**TASK OBJECTIVE:** The line containing "- MKC-114 Memoi" and every line after it, through the end of the material: copy these exactly and nothing else, leaving pictures out.

**DATASET EXTRACT:**
BEGIN

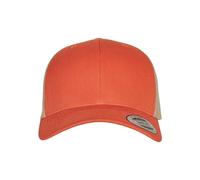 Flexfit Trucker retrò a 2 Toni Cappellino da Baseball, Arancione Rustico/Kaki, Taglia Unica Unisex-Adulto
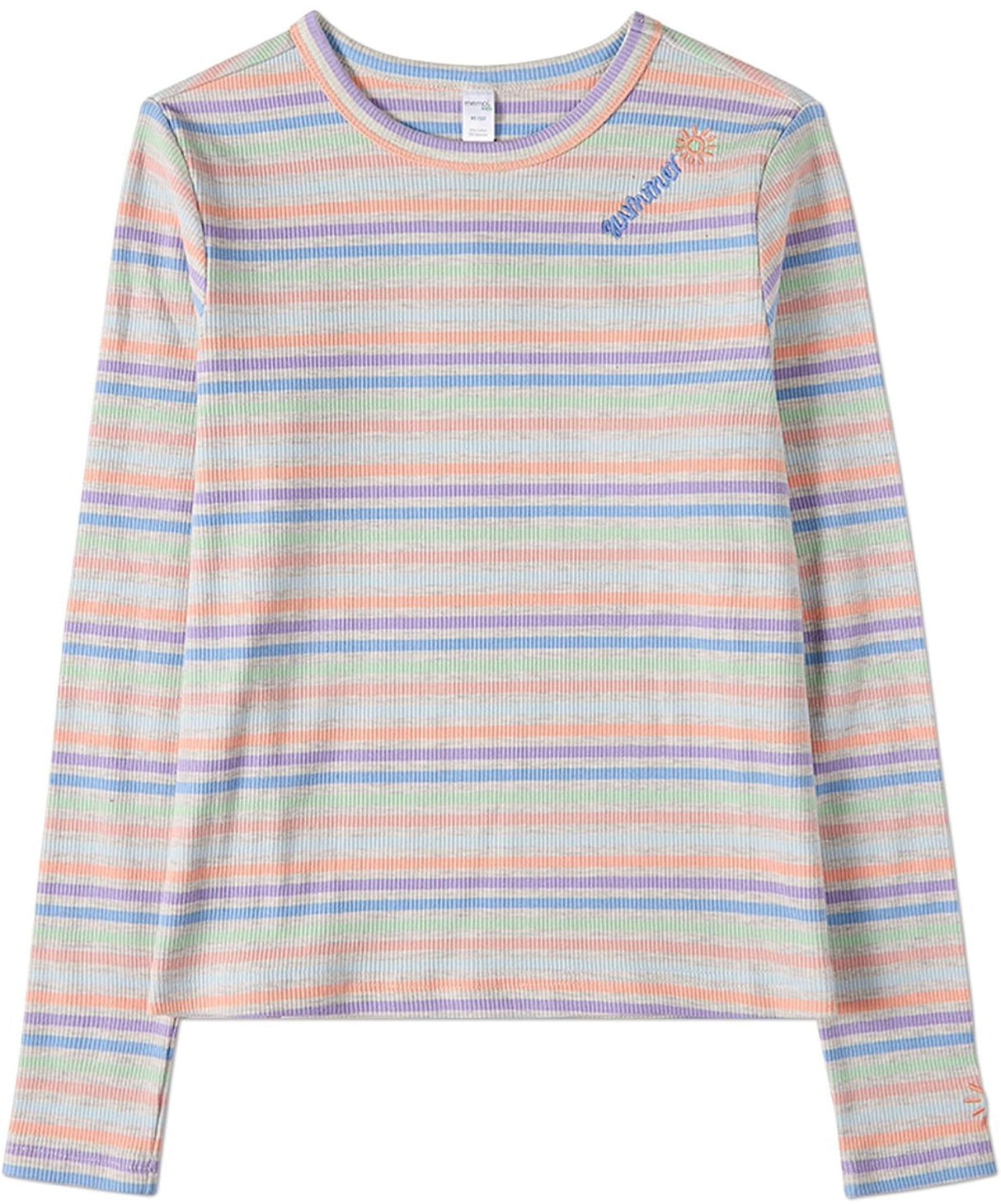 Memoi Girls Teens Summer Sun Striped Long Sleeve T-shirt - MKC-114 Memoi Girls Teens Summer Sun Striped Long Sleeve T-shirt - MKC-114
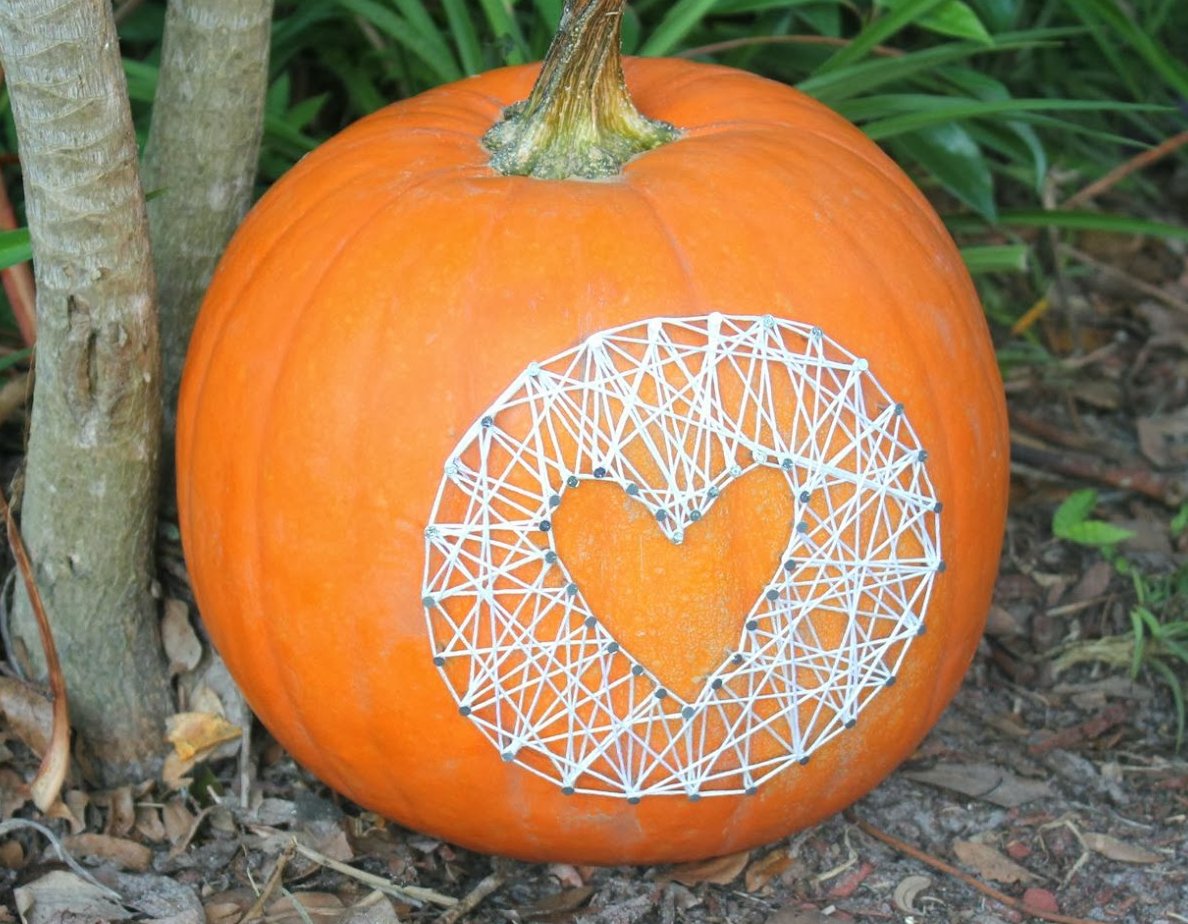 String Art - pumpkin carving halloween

END

**COMPLETED TASK:**
 Memoi Girls Teens Summer Sun Striped Long Sleeve T-shirt - MKC-114 Memoi Girls Teens Summer Sun Striped Long Sleeve T-shirt - MKC-114
 String Art - pumpkin carving halloween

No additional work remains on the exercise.